During a conversation between client and server, several types of packets are used. Some initiate the connection between the two, some carry data, some are used to only acknowledge data, and others tear connections down. Looking at the 1 byte TCP flag field in a TCP packet will help us to understand the function and purpose of any packet in the connection. When there is a problem, these flags can also help us to figure out what is going on and why.
The TCP Flags
We will briefly go over each flag and its purpose. There is much that could be written about each flag, but I’ll try to keep it brief and to the point. If you have any extra details you would like to add, please comment at the end of the article.
Congestion Window Reduced - Described in RFC 3168. Only used in TCP connections where Explicit Congestion Notification is used. Rarely seen in most TCP Conversations. ECN allows routers to inform the TCP endpoints that their transmit buffers are filling due to congestion. This allows the TCP endpoints to slow their data transmission to prevent packet loss. The CWR field is set by the sender to show that it received a TCP segment with the ECE flag set.

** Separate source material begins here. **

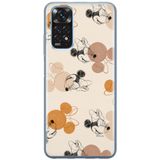 ERT GROUP Disney Minnie 075 mobiel telefoonhoesje voor Xiaomi REDMI NOTE 11T/ 11S 5G/ POCO M4 PRO 5G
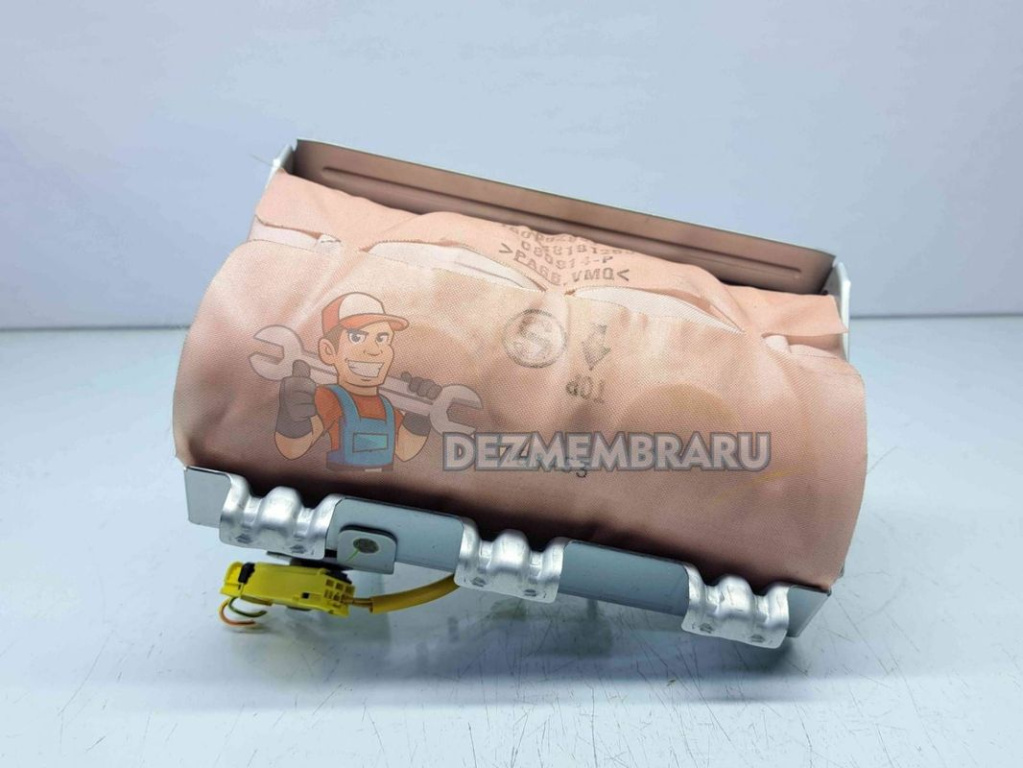 Airbag pasager MAZDA 6 (GJ1) [Fabr 2014-2021] 0589-P1-000235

ECN – Echo – Used only by ECN-TCP connections. The ECN-Echo is sent to inform the other side of the TCP connection that it received an ECN notification from the network. This may trigger a TCP Slow Start. Like the CWR field, this is rarely seen in connections. More detail is available in RFC 3168
Urgent – Simply put, used to indicate that “urgent” data is carried in the packet. The receiving TCP Stack can process the urgent data in this packet immediately.
Acknowledgement – Used to indicate that data has been successfully received. Also used when establishing and tearing down TCP connections. In many cases, every packet in a TCP connection has this flag checked after the initial SYN.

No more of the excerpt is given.